Le dixième article concerne la franc-maçonnerie à La Barbade et Trinidad.
Les loges sont uniquement composées d’hommes blancs et d’hommes « nés
libres », ce qui exclut les gens de couleur libres. Les membres sont donc
les planteurs, les négociants et marchands, les capitaines et marins, les
officiers et soldats, donc tous des agents du colonialisme esclavagiste. Cela
explique que l’implication des francs-maçons dans l’abolition de l’esclavage
dans les colonies est totalement fictionnel et ne relève que d’individus blancs
isolés. Il faudra attendre 1847 pour que le Grand Orient change sa constitution
et remplace « hommes nés libres » par « hommes libres ».
Les esclaves sont donc toujours exclus, bien que un an plus tard l’esclavage
sera aboli, et il est bien évident qu’« homme » signifie bien
« individu humain mâle ». Le rejet du racisme et du sexisme ne sont
donc pas dans les principes fondamentaux de la franc-maçonnerie dans la période
concernée, en France et ses colonies, jusqu’en 1847 pour le racisme et beaucoup
plus tard pour les femmes.
Le onzième et dernier article de Jacques de Cauna concerne Etienne de
Polvérel, l’un des deux commissaires de la Convention envoyé à Saint Domingue
pour abolir l’esclavage. Polvérel est celui qui voit le plus loin, dans le sens
d’un socialisme utopique, mais il est irréaliste. Sonthonax est celui qui a un
peu ses épaules sous sa tête et il fera le coup de force et publiera le décret
d’émancipation personnel avant que Polvérel soit prêt sur le sien. Comme dit
Polvérel lui-même : « des évènements inattendus ont pressé la marche
de mon collègue Sonthonax. Il a proclamé la liberté universelle dans le
Nord ; et lui-même lorsqu’il l’a prononcée n’était pas libre. » La
conclusion de l’auteur est donc juste quand il dit : « … le conflit
qui oppose en 1793 les deux commissaires de la Révolution Française à Saint
Domingue et dont Polvérel sort vaincu. » L’auteur donne un certain détail
sur les propositions de l’un et de l’autre, imagine ce qu’aurait été l’histoire
si Polvérel n’avais pas été vaincu, mais cela n’est pas du travail historique.
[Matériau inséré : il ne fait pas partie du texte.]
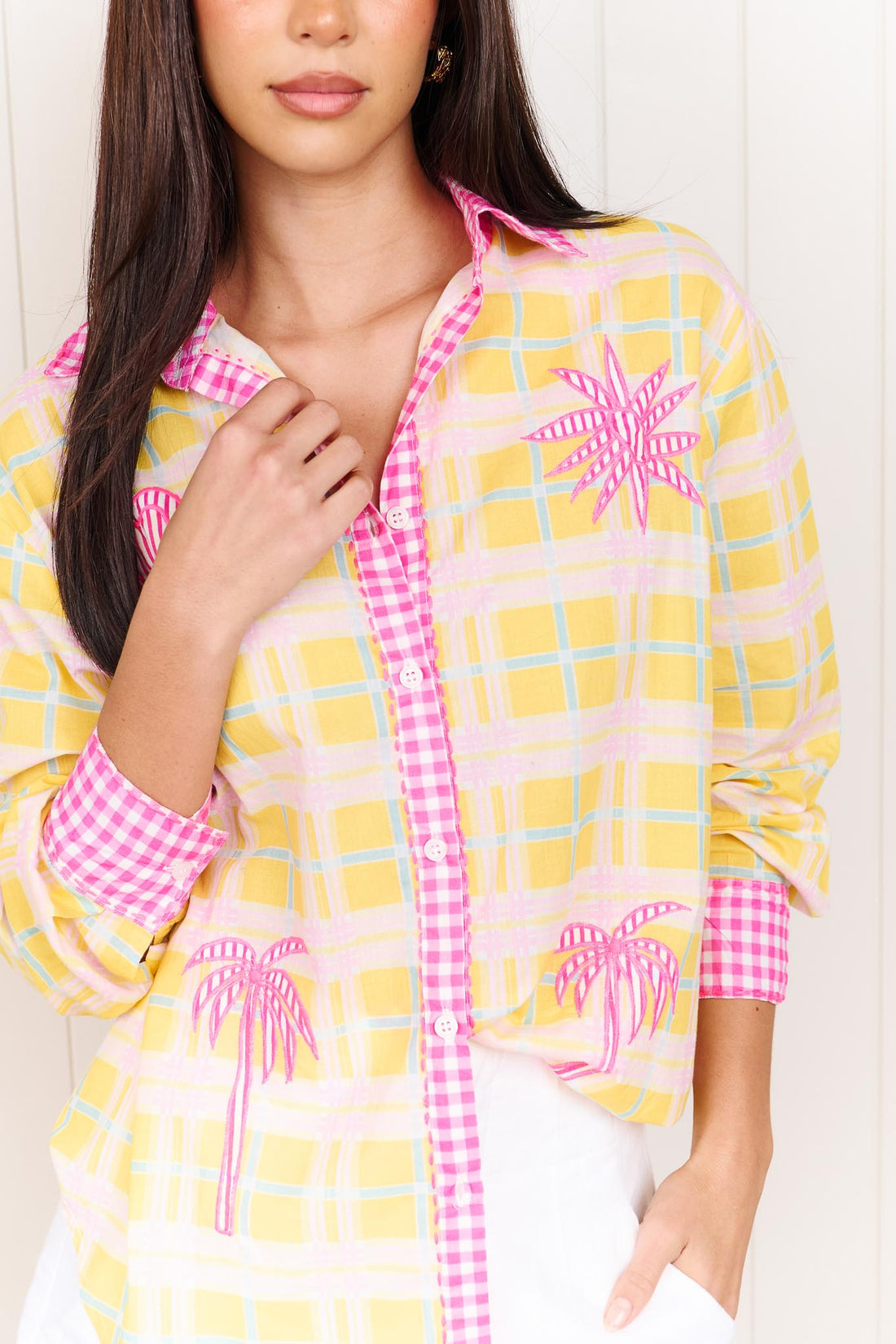 Detail of awoman wearing the minnie + MAXXIE Verano Cotton Shirt in Yellow checks with pink gingham trims and palm embroidery, standing against a white wall.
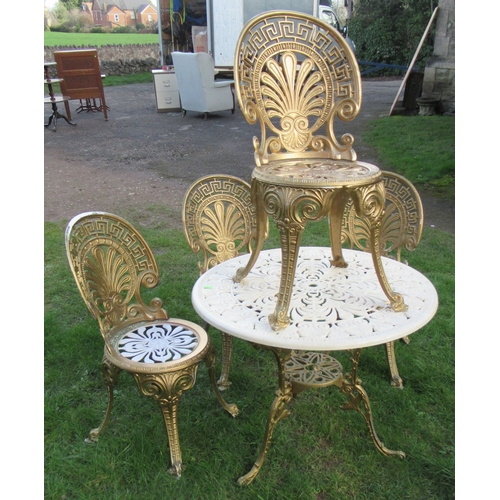 25 - A painted metal circular garden table, diameter 32ins, together with a set of four chairs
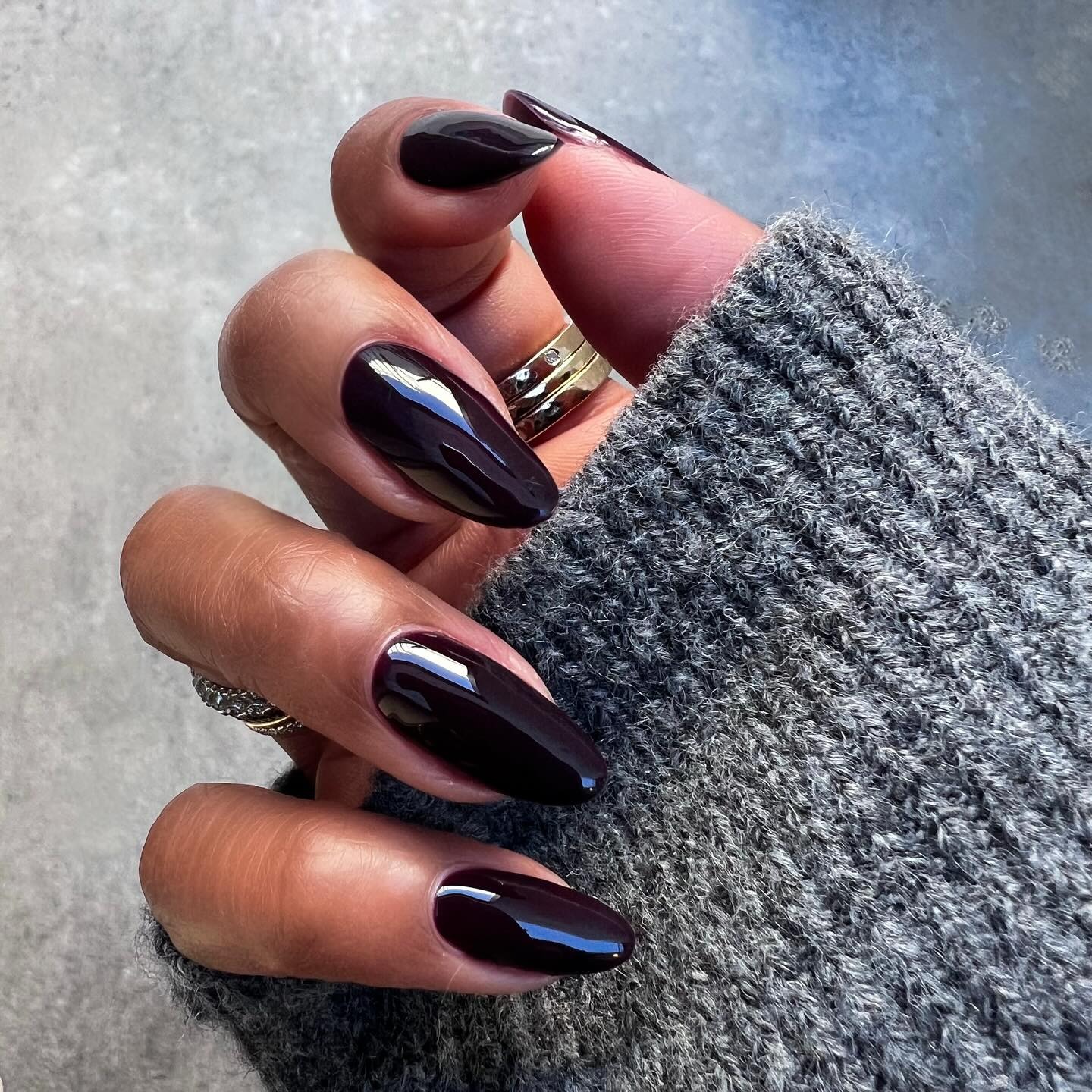 A long, almond-shaped ebony manicure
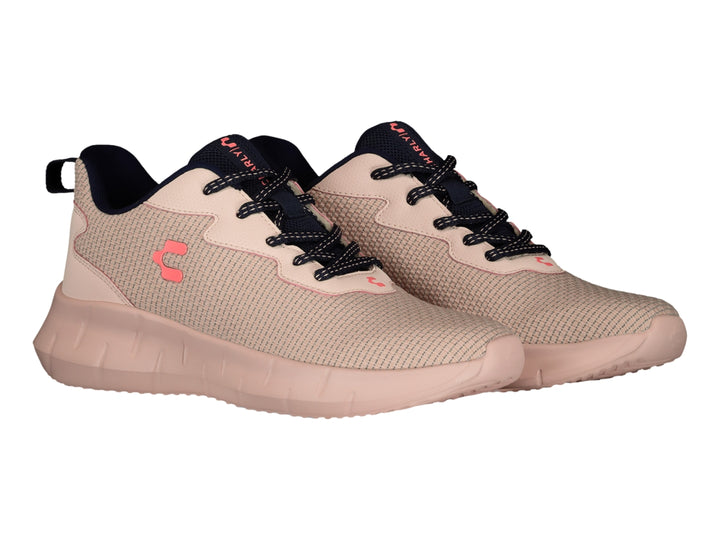 Tenis deportivos Charly color rosa palo con detalles en negro.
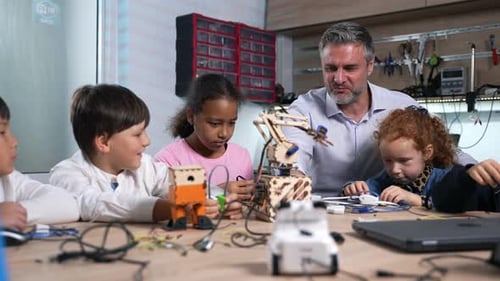 Children Learning Robotics with Instructor in Workshop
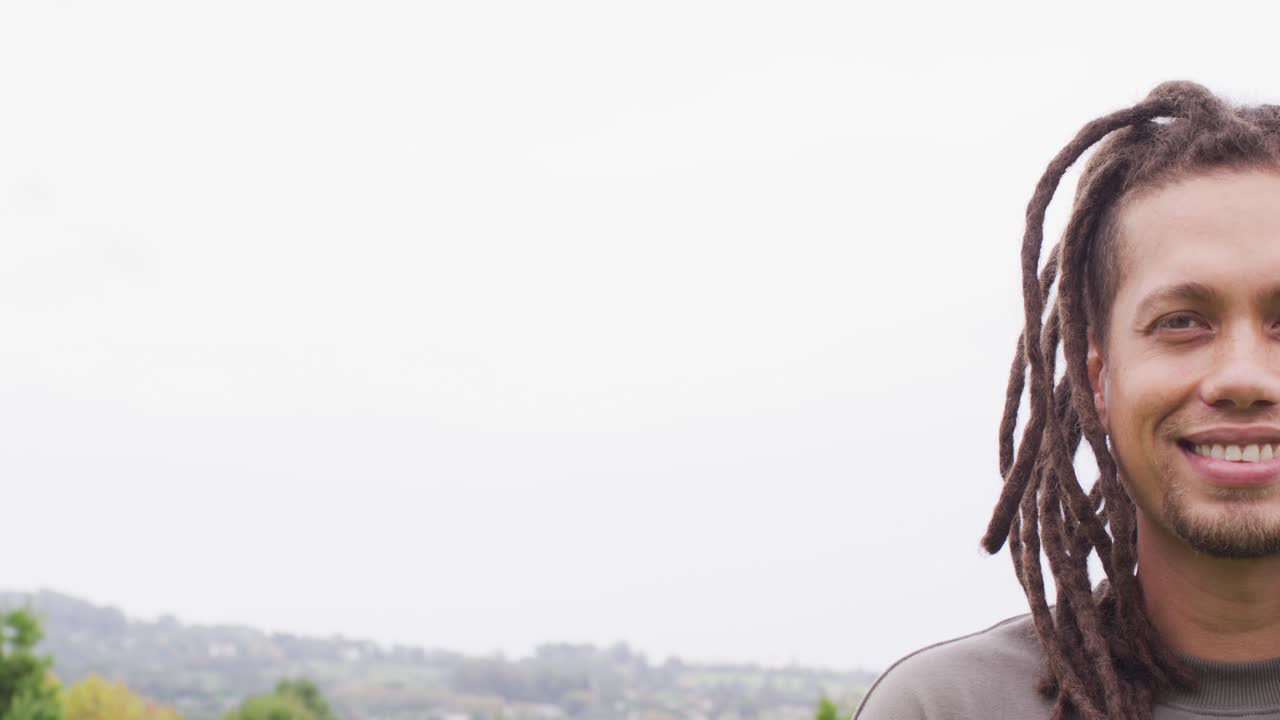 Uomo afroamericano con felpa girocollo grigia che sorride, ridendo mentre la telecamera si sposta a destra sulle colline, con spazio per il testo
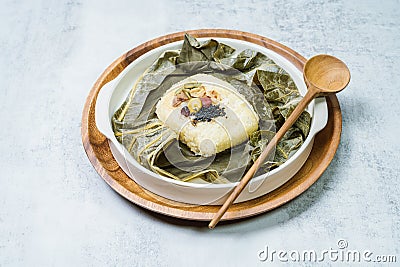 yeonnipbap, korean lotus leaf rice, Glutinous rice, dates, and chestnuts wrapped in a lotus leaf and steamed in a steamer. In the Stock Photo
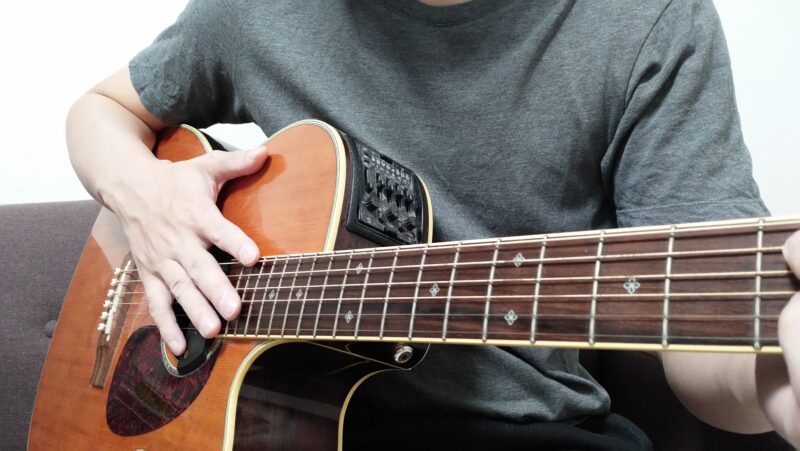 ギターからなるべく右手の指先を離すようにしておき、手首のスナップを効かせて指版の端あたりを目掛けて中指と薬指で素早く叩く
On se demande alors comment page 173 l’auteur peut écrire : « Tout
montre que c’est donc bien Polvérel qui doit être considéré comme le principal
organisateur de la première abolition mondiale de l’esclavage colonial… »
C’est là réécrire l’histoire, alors même que Polvérel a concédé sa défaite.
Un livre intéressant même si la numérotation des articles est erronée.